* [Work to complete]: Return the following lines and nothing else: the one holding "What's wrong with the Google Maps App?" and all those after it in the records below, unchanged, minus any pictures.

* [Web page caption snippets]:
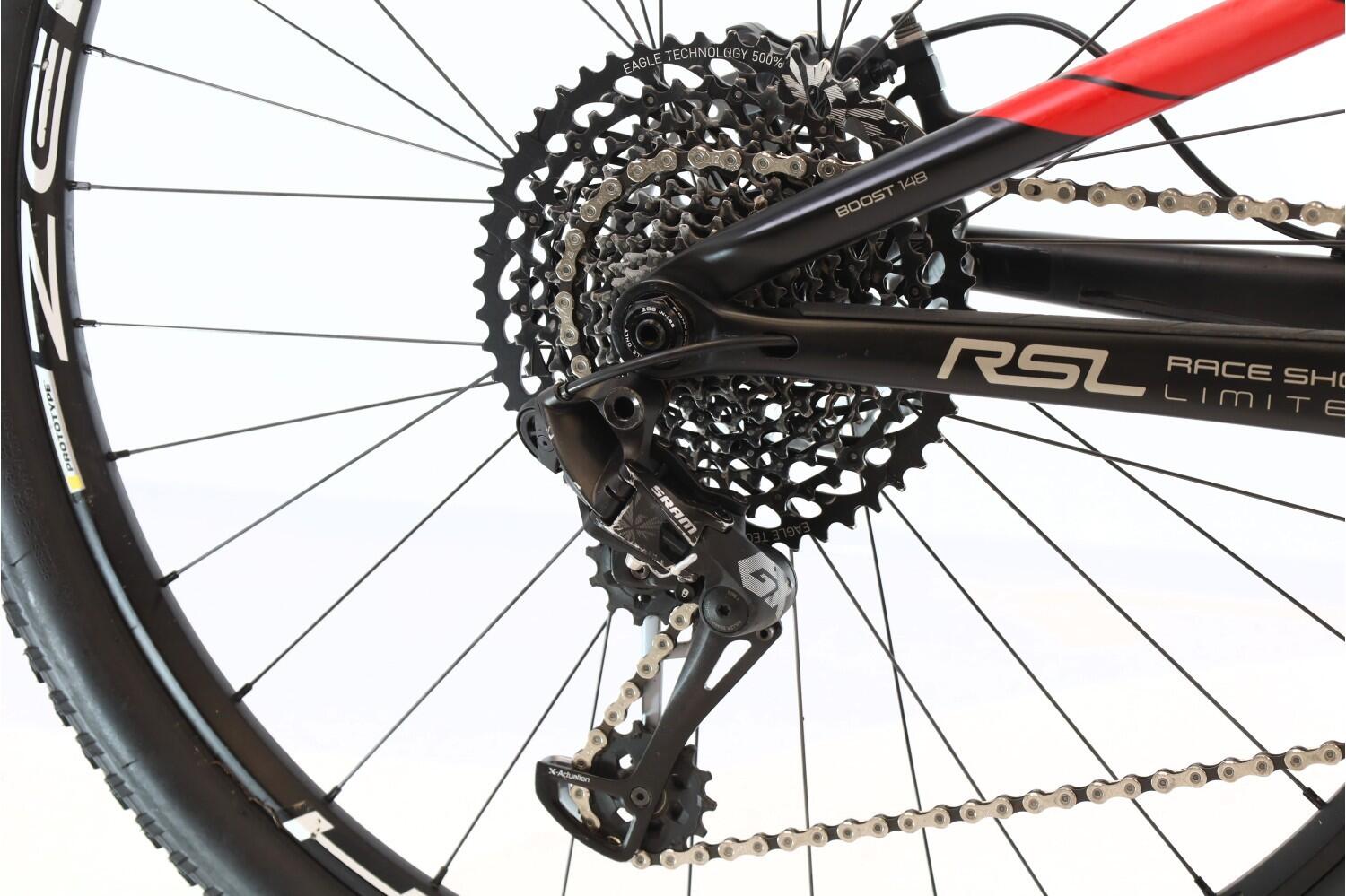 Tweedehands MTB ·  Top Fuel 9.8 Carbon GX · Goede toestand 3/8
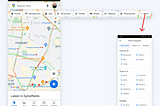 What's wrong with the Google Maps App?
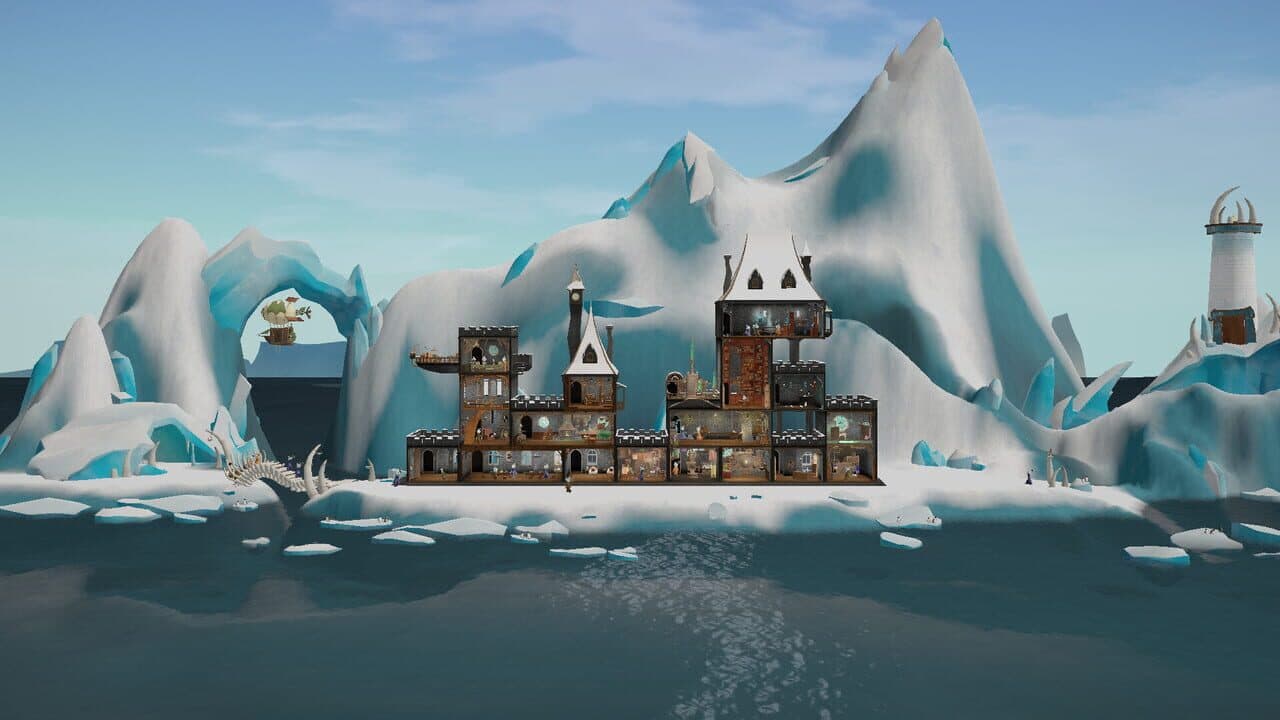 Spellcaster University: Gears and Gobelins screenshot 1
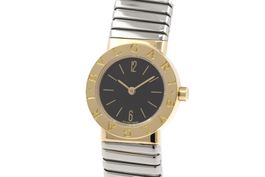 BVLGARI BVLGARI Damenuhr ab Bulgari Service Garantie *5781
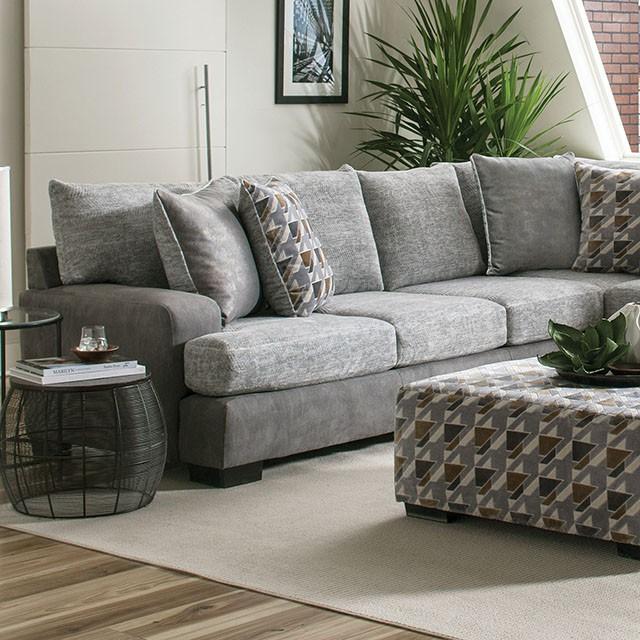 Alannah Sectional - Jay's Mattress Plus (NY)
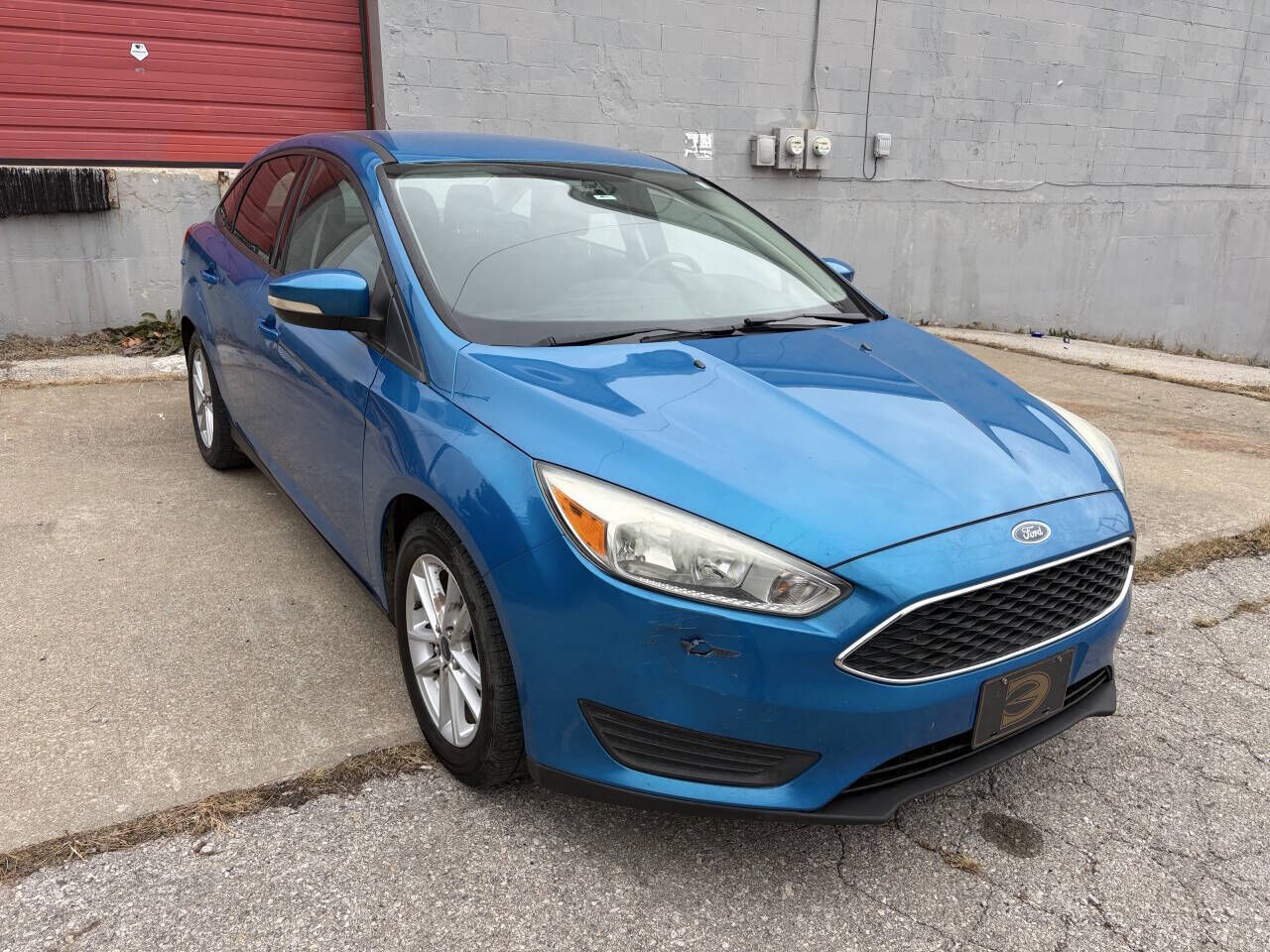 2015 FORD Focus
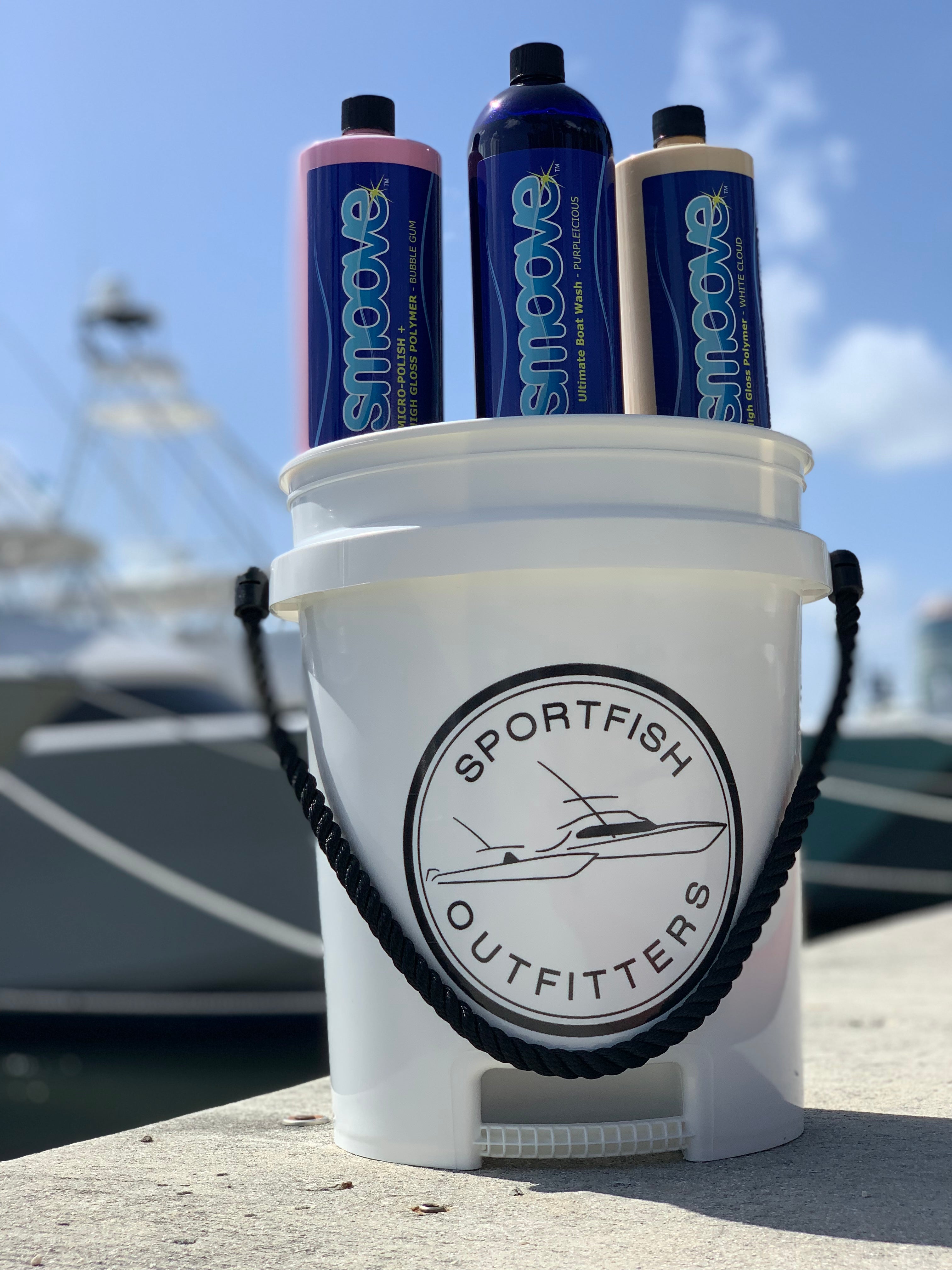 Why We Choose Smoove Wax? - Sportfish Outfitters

* [Exercise output]:
 What's wrong with the Google Maps App?
 Spellcaster University: Gears and Gobelins screenshot 1
 BVLGARI BVLGARI Damenuhr ab Bulgari Service Garantie *5781
 Alannah Sectional - Jay's Mattress Plus (NY)
 2015 FORD Focus
 Why We Choose Smoove Wax? - Sportfish Outfitters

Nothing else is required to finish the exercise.